Why You Don’t Have to Love Your Postpartum Body but Should Believe in its Magic.

“I have stretch marks. The evidence of each baby carved into my skin. My son’s life dances above the cesarean scar that saved the life of my final baby. My second etched her marks into my hips as a permanent hug. Their stories written on my skin as a perpetual reminder of the way it stretched, morphed and survived.”

I wrote this in an Instagram post a while back. It was to express the way I love all that my body has become but it hasn’t been without trial, without struggle and forgiveness (mostly for ever believing it was flawed in the first place). I know that loving your body when it has changed so much, when it feels foreign and strange can be a battle.

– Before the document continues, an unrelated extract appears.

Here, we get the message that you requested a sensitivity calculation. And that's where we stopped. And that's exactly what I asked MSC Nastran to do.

So, I’m going to ask you to put aside loving it for this moment. You don’t even have to like it. But take a moment to appreciate the magic.

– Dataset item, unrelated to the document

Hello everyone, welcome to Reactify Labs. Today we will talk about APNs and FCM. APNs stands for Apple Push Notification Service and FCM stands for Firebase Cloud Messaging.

It grew a human being. That’s pretty magical if you ask me. To create a life from scratch and to feel its dancing from inside. That’s no easy task. You didn’t read a book on how to craft an eyelash, your body knew exactly what it was doing.

You may have risen 47586 times last night and you will rise again when your baby calls. The exhaustion is real, but your legs swing over the edge of the bed and carry you to your little one. Without fail, rising time and time again for the life you so carefully designed within you.

There might come a day when your little ones mould, squish, or comment on the wobbly evidence that their life was once tethered to yours. You may cringe but look at their faces. Joy and wonderment. How did you make them? What was it like to carry them? They laugh and giggle as you tell them about how they kicked you while you slept or had hiccups that made your belly jolt. They are delighted in their creation.

The stretch marks, the less than perky breasts, one thin pink line where a miracle happened laying across a soft stomach are all I have left from 3 pregnancies. My kids will continue to grow, and the day will come when they no longer cling to me. But their beginnings, their beautiful existence will forever remain apart of me. My skin will always tell an enchanting tale of fierce love, resilience, life, and magic. So does yours.